5 Niche Social Networks on the Rise


These budding new platforms are a response to the generality of Facebook. Facebook has been the reigning winner of the majority of online users for some time now, but there are many facets of our social interaction that have, thus far, gone untapped in the Internet world. These latest platforms are tapping into some of our more specific needs concerning online social interaction.

We Heart It

Considered the artsier Pinterest, We Heart It is unique because of its user-base with roughly 80% of its users under 25, and 70% of them female. This app has captured that ever-elusive demographic that is Generation Z girls, arguably the biggest trend-setters in social behavior online. The site is a self-described “home for inspiring images and the people who heart them.” But, perhaps most importantly, the site is comment-free. The absence of trolls and negative comments keeps the site positive and age-appropriate for its young audience. In fact, Huffington Post even called We Heart It one of the most positive places on the internet.

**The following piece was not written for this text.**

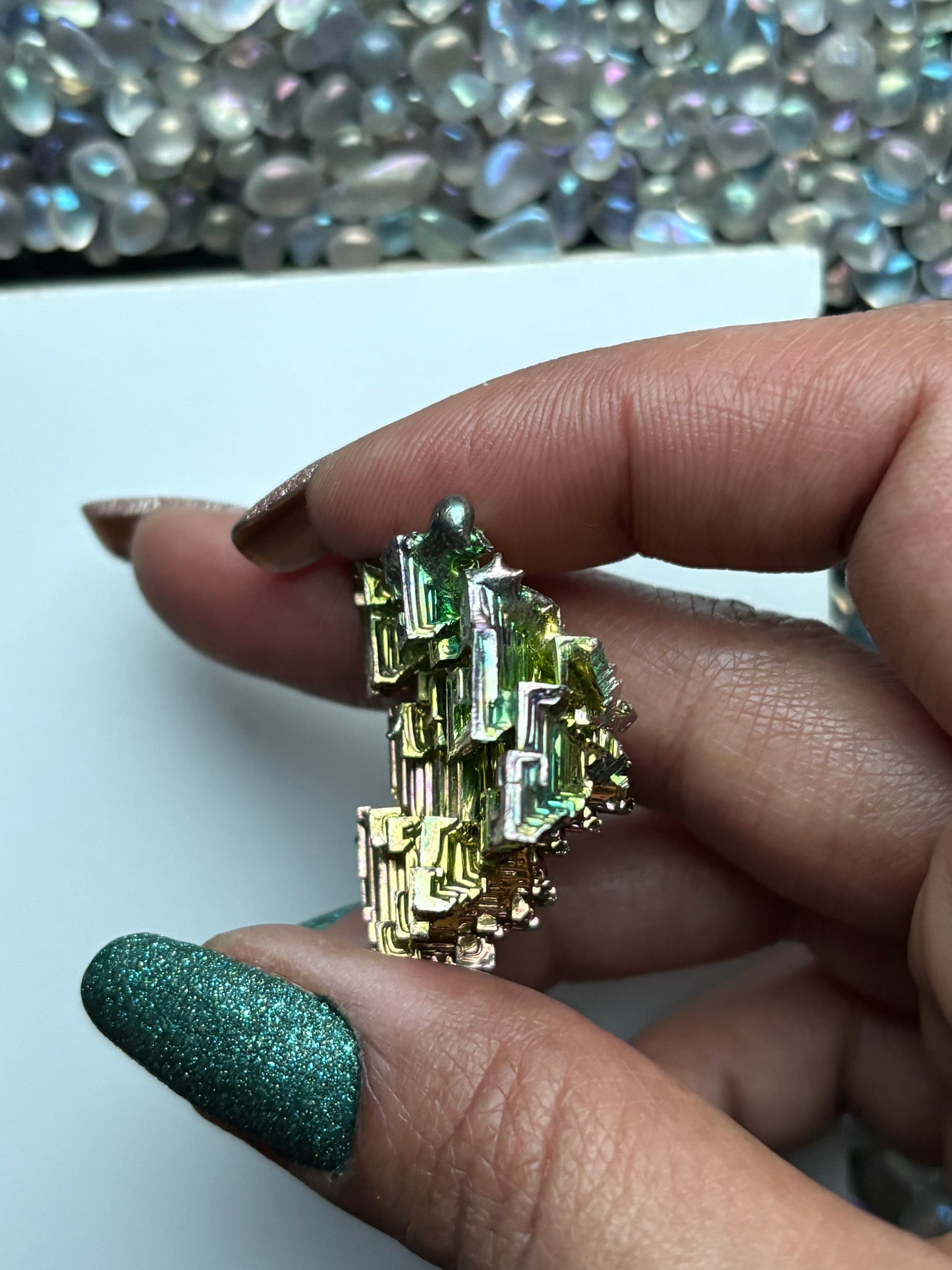 Teal Peach Bismuth Crystal Specimen - Small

If Facebook and Paypal got married, their child would be Venmo, a peer-to-peer payment app. You can send messages, post status updates, and there is even a Facebook-like newsfeed where you can look at your friends’ transactions (just the memo for the transaction, not the amount). “Just Venmo me” is fast becoming a part of the common vernacular as Generations Y and Z get hooked. This app has functions that surpass those of competitors like Popmoney and Paypal. The app supports sending, requesting, and receiving money, as well as reviewing past transactions. And the best part: Venmo is completely free. All data is sent over a 256-bit encrypted connection—the same encryption method used to protect classified government information. So you can feel rest assured that your bank account information is being kept safely.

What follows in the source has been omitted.